Considerado o último dos profetas e o primeiro apóstolo, São João Batista foi decapitado por capricho de Salomé, casada com Herodes. O santo é homenageado pelos católicos no dia 24 de junho.
Água benta
Assim como se acredita que a água do rio Jordão adquiriu poder curativo em contato com o corpo de São João Batista, o corumbaense tem a mesma crença em relação ao caudaloso rio Paraguai.

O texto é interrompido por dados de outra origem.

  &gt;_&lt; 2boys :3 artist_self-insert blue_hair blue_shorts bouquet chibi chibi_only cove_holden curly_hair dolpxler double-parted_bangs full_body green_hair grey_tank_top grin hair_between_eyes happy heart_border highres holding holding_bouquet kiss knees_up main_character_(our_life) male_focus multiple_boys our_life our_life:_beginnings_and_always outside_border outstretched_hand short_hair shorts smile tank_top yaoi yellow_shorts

A pesquisadora do folclore local, Eurice Ajala Rocha, relata que esse sentimento de religiosidade e misticismo está atrelado ao próprio ambiente, onde o principal rio da região representa o elemento-base da vida material para o homem do Pantanal.
“O pantaneiro acumulou conhecimento pela própria experiência e vivência em função do rio, um bem inestimável que fecunda a terra com suas enchentes periódicas, fonte de alimentação e o caminho natural entre as fazendas e zona ribeirinha”, explica ela. “Ele faz dessa faina não só o seu meio de manutenção, mas o grande significado da própria existência, assim como a água tinha destaque na colheita de grãos nas festas pagãs, na Europa”.
As crendices e superstições que dominam os festejos na mágica noite do dia 23 são arraigadas em Corumbá, onde São João também assume papel de casamenteiro. Depois do banho sagrado, um dos momentos mais significativos é o içamento do mastro com o sapateado dos cururureiros, que entoam cânticos indígenas. Aqui, afloram todas as manifestações, mesclando alegrias e esperanças, a satisfação no cumprimento da “obrigação”.
Casamenteiro
Durante o banho, o povo entra na água, toca a imagem, se percebe a religiosidade dominante. Aos gritos de “Viva São João”, escuta-se batuque da umbanda na beira do rio, anunciando a presença de entidades num grande terreiro. Os pagadores de promessas se ajoelham com emoção e fé fervorosa. O andor retorna para a casa do festeiro, subindo a ladeira, onde é tradição cumprimentar quem desce, até a madrugada do dia 24.
Entre as mais conhecidas superstições juninas, estão as relativas a casamento. Diz a lenda que mocinhas casadouras precisam passar por baixo do andor do santo durante o banho do rio, para encontrarem o futuro esposo antes do próximo festejo. “São João recebe mais pedidos que o próprio Santo Antônio”, diz Eunice Ajala. Acredita-se, também, que quem não enxergar a imagem do santo na água não estará vivo no ano seguinte.